AGRAVO REGIMENTAL NO HABEAS CORPUS — AgRg no HC 835872
Análise documental baseada na ementa oficial do Superior Tribunal de Justiça, organizada para consulta e compreensão do precedente.
Comentário editorial
Nesta leitura prática, a decisão é organizada para mostrar o que o STJ efetivamente registrou e quais dados devem ser conferidos antes de transportar o entendimento para uma situação cotidiana. O recorte processual é AgRg no HC, julgado por SEXTA TURMA, sob relatoria de ANTONIO SALDANHA PALHEIRO.
Para o cidadão, o ponto essencial é não tratar a ementa como uma regra automática: fatos, pedidos, fase processual e legislação aplicável precisam ser comparados com o caso concreto. Quando o julgamento repercutir em mobilidade, veículos, sanções ou direitos do condutor, essa conexão deve estar expressa no próprio texto oficial.
Pontos centrais da ementa
- A decisão de quebra de sigilo telefônico não exige fundamentação exaustiva.
- Assim, pode o magistrado decretar a medida mediante fundamentação concisa e sucinta, desde que demonstre a existência dos requisitos autorizadores da interceptação telefônica, como ocorreu na espécie.
- 3. "A lei permite a prorrogação das interceptações diante da demonstração da indispensabilidade da prova, sendo que as razões tanto podem manter-se idênticas às do pedido original quanto podem alterar-se, desde que a medida ainda seja considerada indispensável.
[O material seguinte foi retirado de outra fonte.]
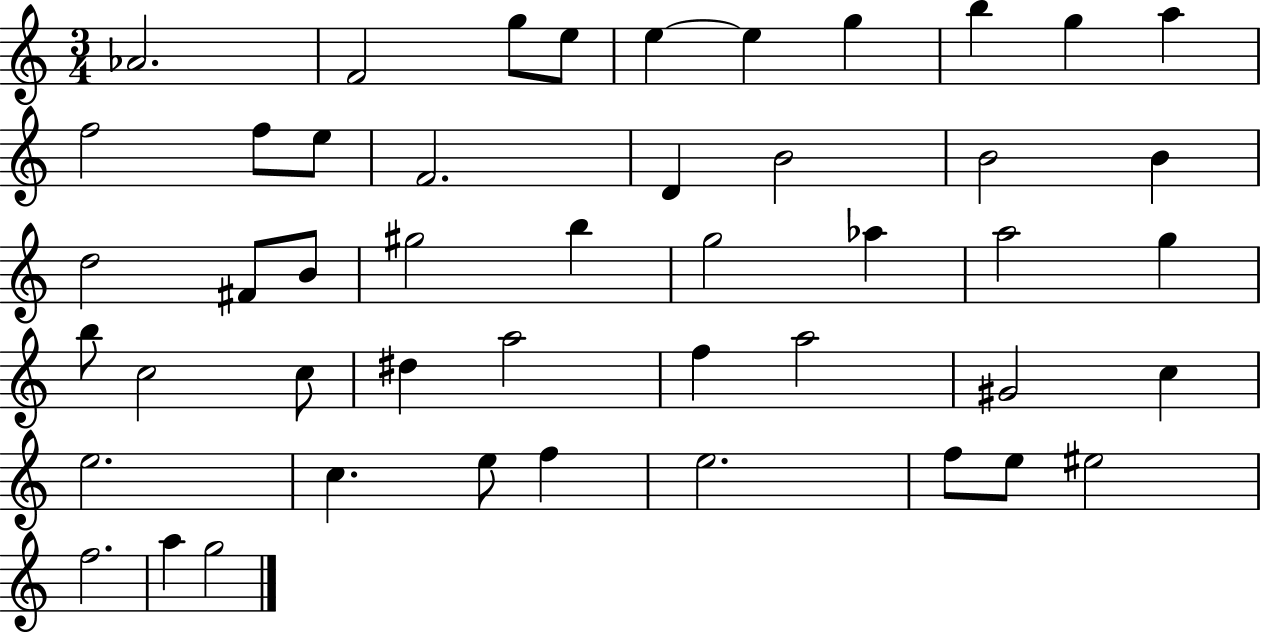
X:1
T:Untitled
M:3/4
L:1/4
K:C
_A2 F2 g/2 e/2 e e g b g a f2 f/2 e/2 F2 D B2 B2 B d2 ^F/2 B/2 ^g2 b g2 _a a2 g b/2 c2 c/2 ^d a2 f a2 ^G2 c e2 c e/2 f e2 f/2 e/2 ^e2 f2 a g2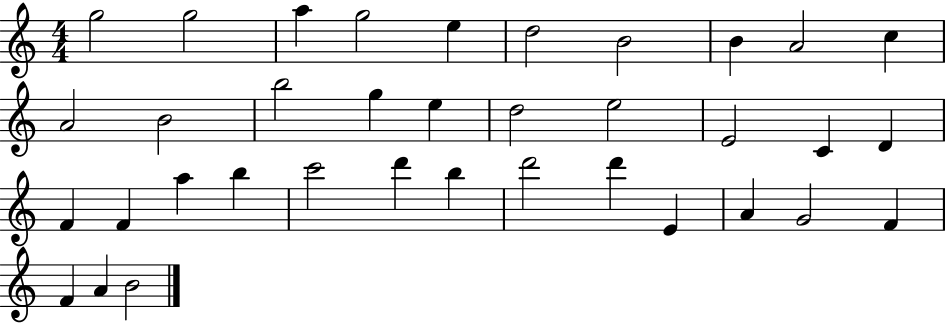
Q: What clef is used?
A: treble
- Por certo que essas posteriores decisões não precisam reproduzir os fundamentos do decisum inicial, no qual já se demonstrou, de maneira pormenorizada e concretamente motivada, o preenchimento de todos os requisitos necessários à autorização da medida, à luz dos requisitos constantes da Lei n.
Resultado indicado
Agravo regimental desprovido.
Ementa oficial
AGRAVO REGIMENTAL NO HABEAS CORPUS. ORGANIZAÇÃO CRIMINOSA. TRÁFICO DE DROGAS. INTERCEPTAÇÃO TELEFÔNICA. SUCESSIVAS PRORROGAÇÕES. NULIDADE POR AUSÊNCIA DE FUNDAMENTAÇÃO. NÃO OCORRÊNCIA. AGRAVO REGIMENTAL DESPROVIDO. 1. Dada a complexidade do esquema tido por criminoso, o número de agentes envolvidos e a impossibilidade de obtenção de mais esclarecimentos por outros meios, mostrou-se cabível a decretação da interceptação telefônica, demonstrando o Juízo de piso a necessidade da medida, sua justificativa e a forma pela qual se daria a medida requerida pela autoridade policial, o que afasta qualquer alegação de que a medida teria violado o disposto na Lei n. 9.296/1996. 2. A decisão de quebra de sigilo telefônico não exige fundamentação exaustiva. Assim, pode o magistrado decretar a medida mediante fundamentação concisa e sucinta, desde que demonstre a existência dos requisitos autorizadores da interceptação telefônica, como ocorreu na espécie. 3. "A lei permite a prorrogação das interceptações diante da demonstração da indispensabilidade da prova, sendo que as razões tanto podem manter-se idênticas às do pedido original quanto podem alterar-se, desde que a medida ainda seja considerada indispensável. Por certo que essas posteriores decisões não precisam reproduzir os fundamentos do decisum inicial, no qual já se demonstrou, de maneira pormenorizada e concretamente motivada, o preenchimento de todos os requisitos necessários à autorização da medida, à luz dos requisitos constantes da Lei n. 9.296/1996" (HC n. 573.166/RJ, relator Ministro Rogerio Schietti Cruz, Sexta Turma, julgado em 15/2/2022, DJe de 24/2/2022). 4. Agravo regimental desprovido.
Referências legislativas
["LEG:FED LEI:009296 ANO:1996\n***** LICT LEI DA INTERCEPTAÇÃO DE COMUNICAÇÕES TELEFÔNICAS"]
Fonte e transparência
Conteúdo documental proveniente do conjunto oficial de dados abertos do STJ. Consulte também a pesquisa de jurisprudência do STJ e o arquivo oficial de origem deste registro.
Aviso: este material tem finalidade informativa e documental. Não constitui parecer jurídico nem garante aplicação do entendimento a outro processo.